- Film poster
- Directed by: Trevor Anderson
- Written by: Trevor Anderson
- Produced by: Alyson Richards
- Narrated by: Trevor Anderson
- Cinematography: Peter Wunstorf
- Edited by: Justin Lachance
- Music by: Lyle Bell
- Release date: January 2019 (Sundance);
- Running time: 5 minutes
- Country: Canada
- Language: English

= Docking (film) =

2019 film

Docking is a Canadian short film, directed by Trevor Anderson and released in 2019. Mostly wordless apart from a brief introductory narration by Anderson, the film metaphorically explores his fears and insecurities about dating as a gay man through the depiction of a large penis flying alone through space until meeting another penis and docking with it.

Anderson worked with production designer Todd Cherniawsky and make-up artist Christien Tinsley to create the film.
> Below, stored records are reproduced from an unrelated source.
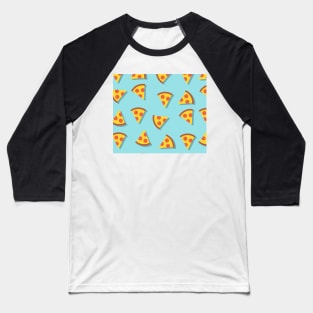 Pizza Slice pattern Baseball T-Shirt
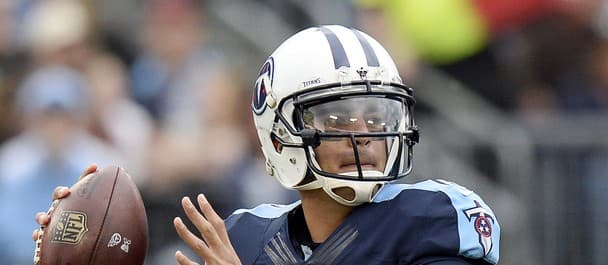 Mariota has to raise his game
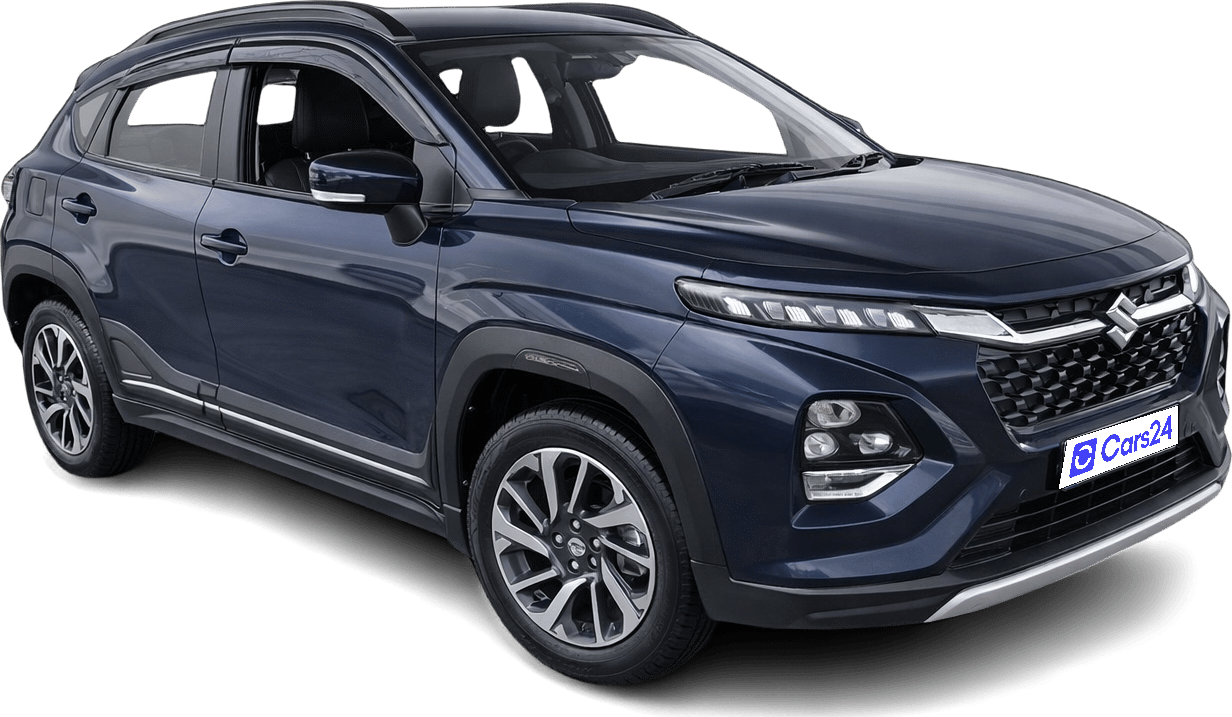2024 Maruti FRONX - Hatchback - Petrol - Manual - ₹6.80 lakh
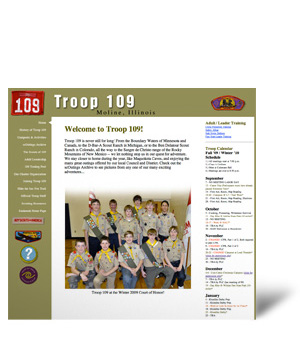 Troop 109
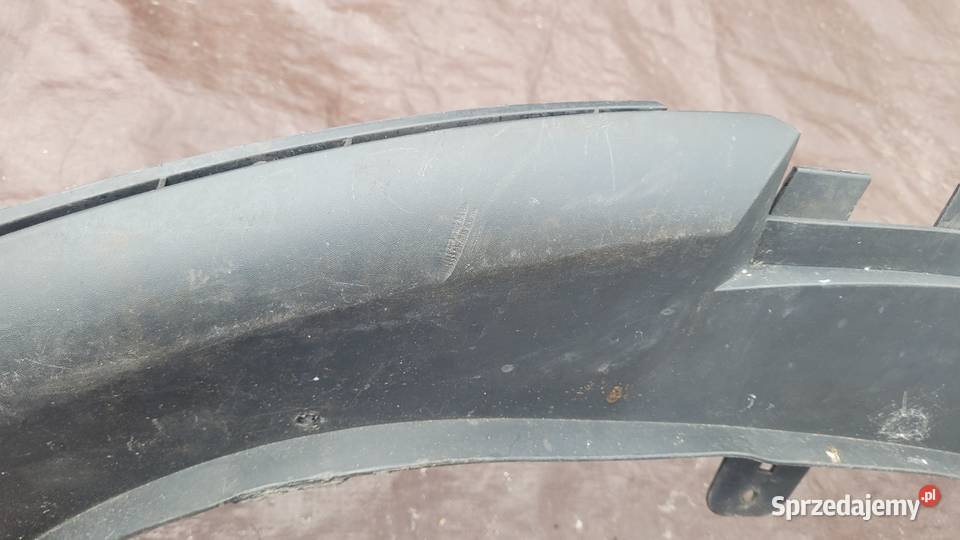 SPOILER DOKŁADKA ZDERZAKA PRZÓD SEAT IBIZA IV Ruda Śląska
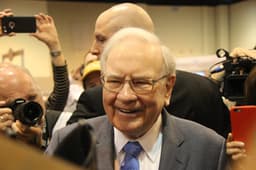 an image of Warren Buffett's Tenure Transforms Berkshire Hathaway into $1 Trillion Conglomerate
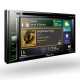 Pioneer AVH-X1750DVD 6.2" Double DIN DVD CD USB Car Stereo AV Receiver MIXTRAX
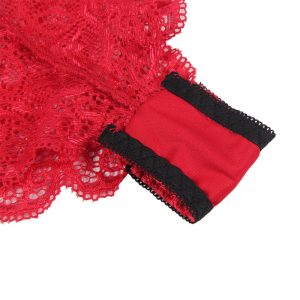 CONJUNTO DE 3 PEÇAS 953898 (VERMELHO) | L/XL - Image 12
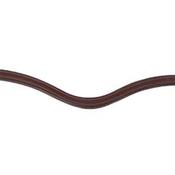 Montar Browband Plain Leather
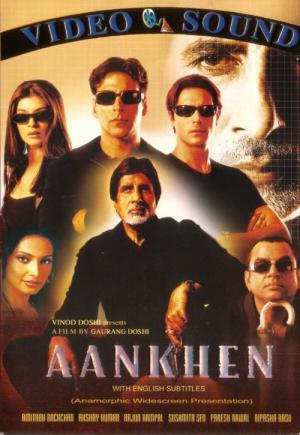 Eyes - Aankhen (2002)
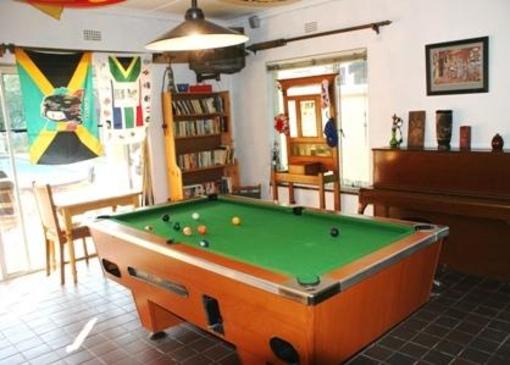 фото отеля Accoustix Backpackers Hostel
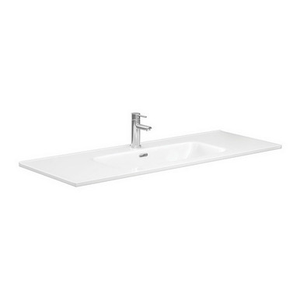 Joli 900 Ceramic Basin-Top 1 Tap Hole [191862]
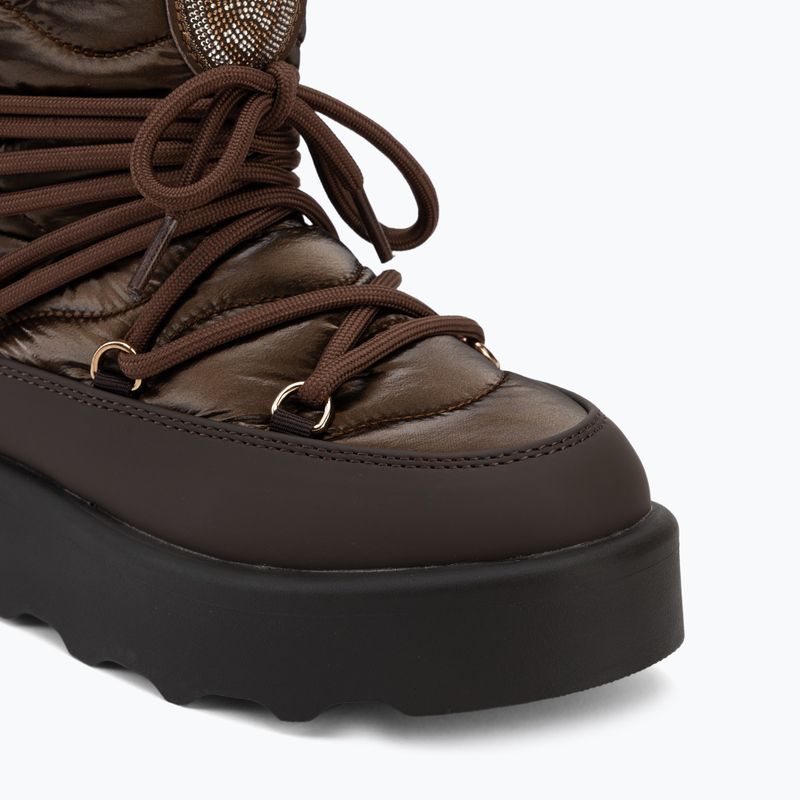 Дамски ботуши за сняг Blauer USA F6DOYLE01 dark brown 7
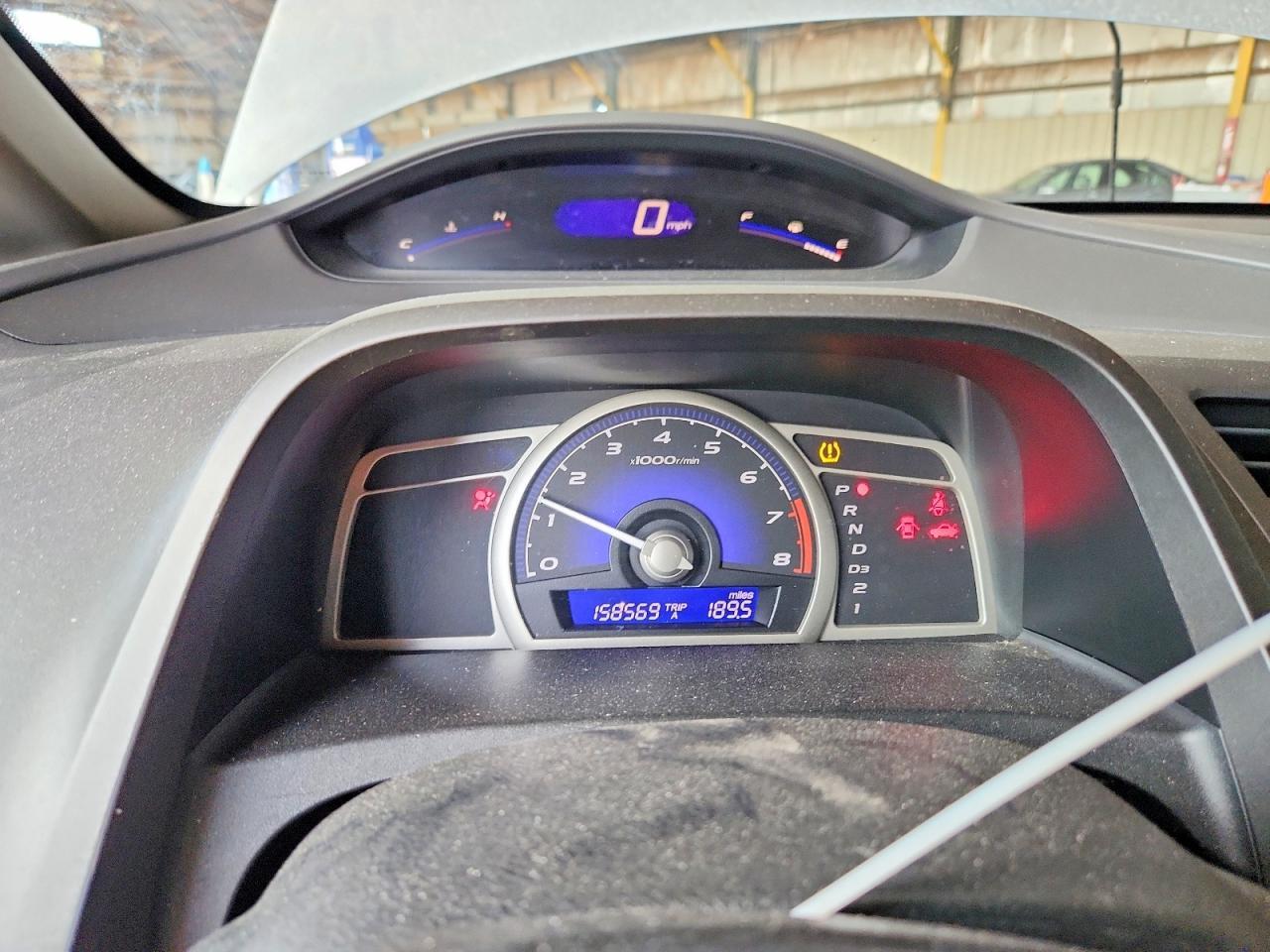 2010 HONDA CIVIC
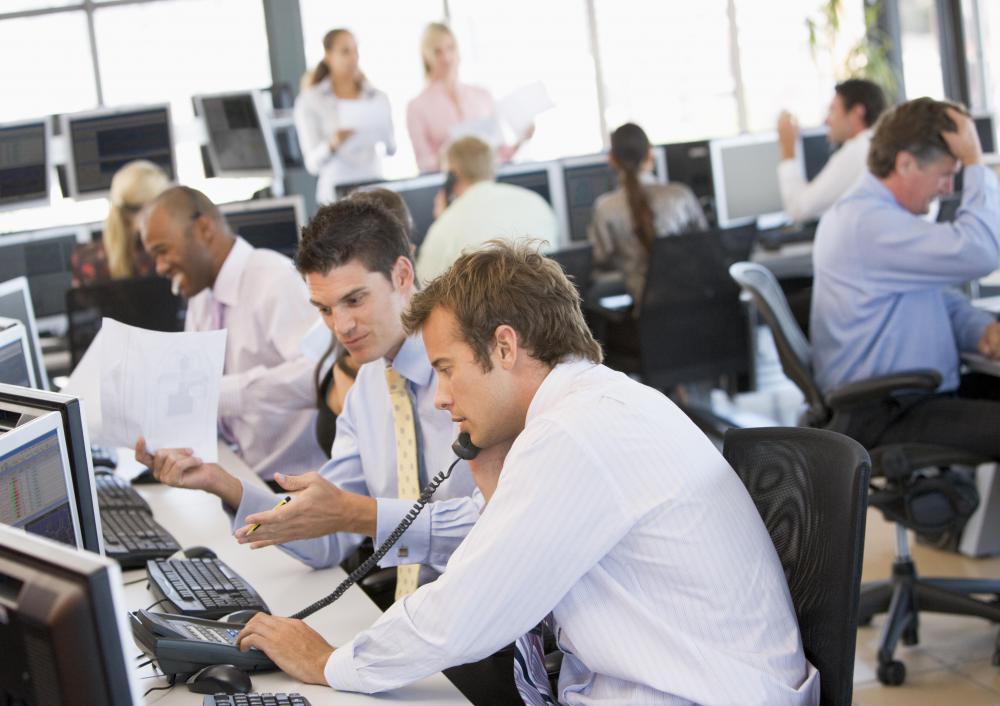Many trading analysts have graduate degrees in business, economics, or finance.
The score was composed by Lyle Bell, Anderson's bandmate in The Wet Secrets. Anderson has described the film as an attempt to push the boundaries of non-fiction filmmaking, by reducing the element of personal essay and increasing the element of cinematic fantasia; however, he has also acknowledged that he had some difficulty convincing arts funders that the film was meant as a serious artistic statement and not just a five-minute dick joke.

The film premiered at the 2019 Sundance Film Festival. In December 2019, the film was named to the Toronto International Film Festival's annual year-end Canada's Top Ten list for short films.

The film received a Canadian Screen Award nomination for Best Animated Short Film at the 8th Canadian Screen Awards in 2020.